In the wake of the serious case review into the death of Ayeeshia-Jayne Smith, Joanna Nicholas (in the Guardian) wrestles with the problem of agencies appearing just to pay ‘lip service’ to the importance of learning from child protection tragedies. She concludes that we “… make all the right noises but then seem to carry on doing what we were doing before”.
Joanna points to two apparently obvious failings highlighted in the review: failure to follow-up a missed medical appointment of a child subject to a child protection plan and failure of medical staff to think about the possibility of abuse and neglect in framing their differential diagnosis. She despairs that what she calls these ‘simple aspects of practice’ were not followed in Ayeeshia’s case.
Sadly, except for a couple of concluding comments that there needs to be more research and clearer management direction, Joanna doesn’t provide us with a solution to the problem she outlines.
In contrast, I think that there is a solution. I think that what is needed is to create a responsive safety culture in child protection, just as they have done in other safety critical industries. We need to stop wagging the finger of blame and hoping to solve problems by top-down management fiat. Instead, we need to give people permission to learn and to put things right.
Unsafe practice persists not because child protection professionals are weak, ignorant, lazy or ill-informed, which, of course, by and large they are not. It persists because they are too often prevented from speaking openly and critically about what goes wrong routinely and analysing why it goes wrong.
Human error and organisational failings, just like Benjamin Franklin’s death and taxes, will always be with us. Rather than pretending that they can somehow be switched off at the click of a button, if only we could find it, we need to realise that the only solution is to improve continuously in small incremental steps. Building safer organisations and fostering safer practice is something that everybody involved in child protection needs to be involved in every day. They need to be permitted, encouraged and rewarded for learning from all the small and seemingly insignificant errors that are part of routine practice, but which one day may cumulate to cause a tragic death.

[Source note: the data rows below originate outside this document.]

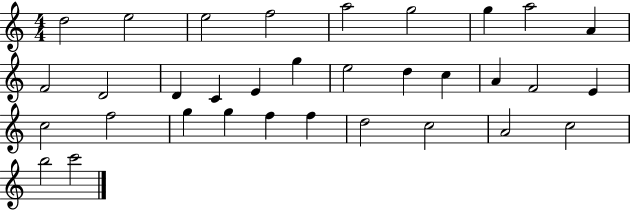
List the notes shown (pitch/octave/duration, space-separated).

D5/h E5/h E5/h F5/h A5/h G5/h G5/q A5/h A4/q F4/h D4/h D4/q C4/q E4/q G5/q E5/h D5/q C5/q A4/q F4/h E4/q C5/h F5/h G5/q G5/q F5/q F5/q D5/h C5/h A4/h C5/h B5/h C6/h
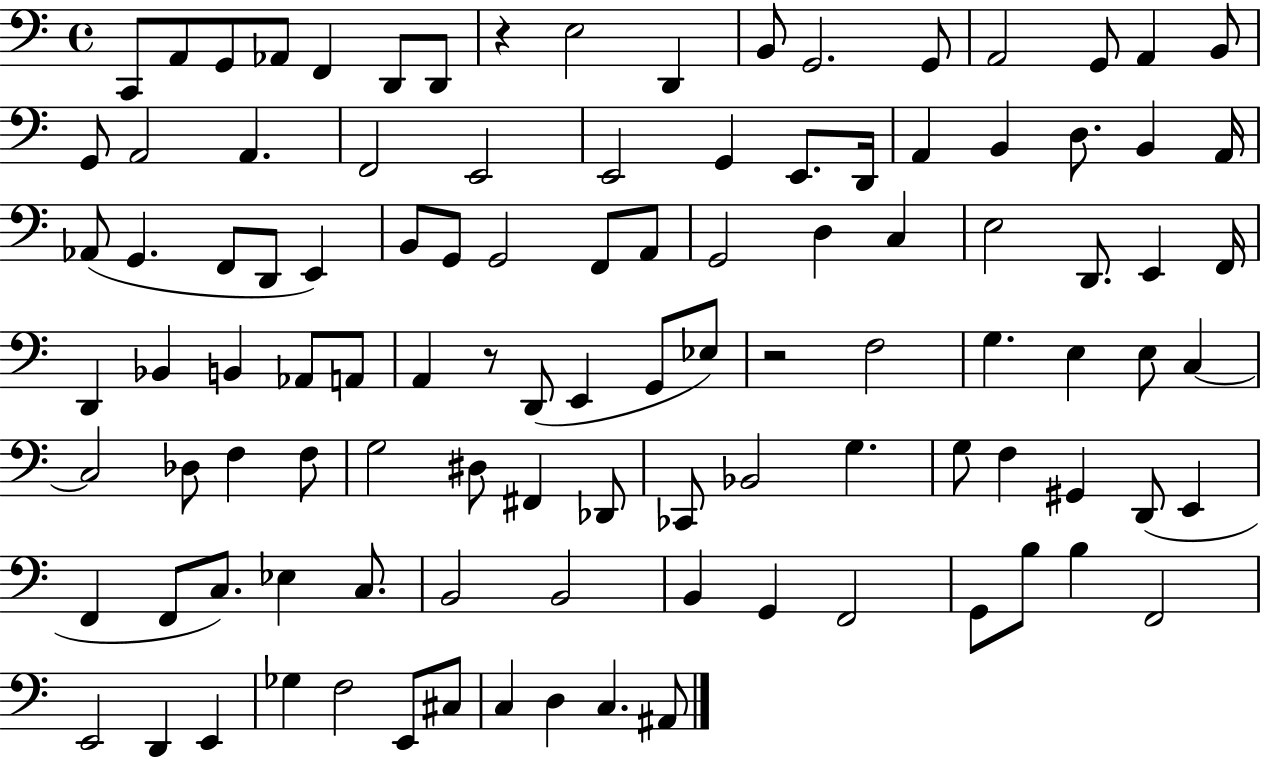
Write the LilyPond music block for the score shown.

{
  \clef bass
  \time 4/4
  \defaultTimeSignature
  \key c \major
  c,8 a,8 g,8 aes,8 f,4 d,8 d,8 | r4 e2 d,4 | b,8 g,2. g,8 | a,2 g,8 a,4 b,8 | \break g,8 a,2 a,4. | f,2 e,2 | e,2 g,4 e,8. d,16 | a,4 b,4 d8. b,4 a,16 | \break aes,8( g,4. f,8 d,8 e,4) | b,8 g,8 g,2 f,8 a,8 | g,2 d4 c4 | e2 d,8. e,4 f,16 | \break d,4 bes,4 b,4 aes,8 a,8 | a,4 r8 d,8( e,4 g,8 ees8) | r2 f2 | g4. e4 e8 c4~~ | \break c2 des8 f4 f8 | g2 dis8 fis,4 des,8 | ces,8 bes,2 g4. | g8 f4 gis,4 d,8( e,4 | \break f,4 f,8 c8.) ees4 c8. | b,2 b,2 | b,4 g,4 f,2 | g,8 b8 b4 f,2 | \break e,2 d,4 e,4 | ges4 f2 e,8 cis8 | c4 d4 c4. ais,8 | \bar "|."
}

Professionals need to concentrate not so much on relatively rare tragedies. Rather, they need to focus on the mundane daily errors which we all make and look at ways in which better defences to them can be built and sustained.
Joanna Nicholas begins her article by asking: “when will we child protection professionals learn from child deaths?”
I would prefer to rephrase that question as follows: “when will we all (professionals, managers, policy makers, politicians, members of the public, journalists) realise that daily continuous learning is central to a safety critical activity like child protection? And when will we begin to put in place the conditions that are necessary to make that kind of learning flourish?”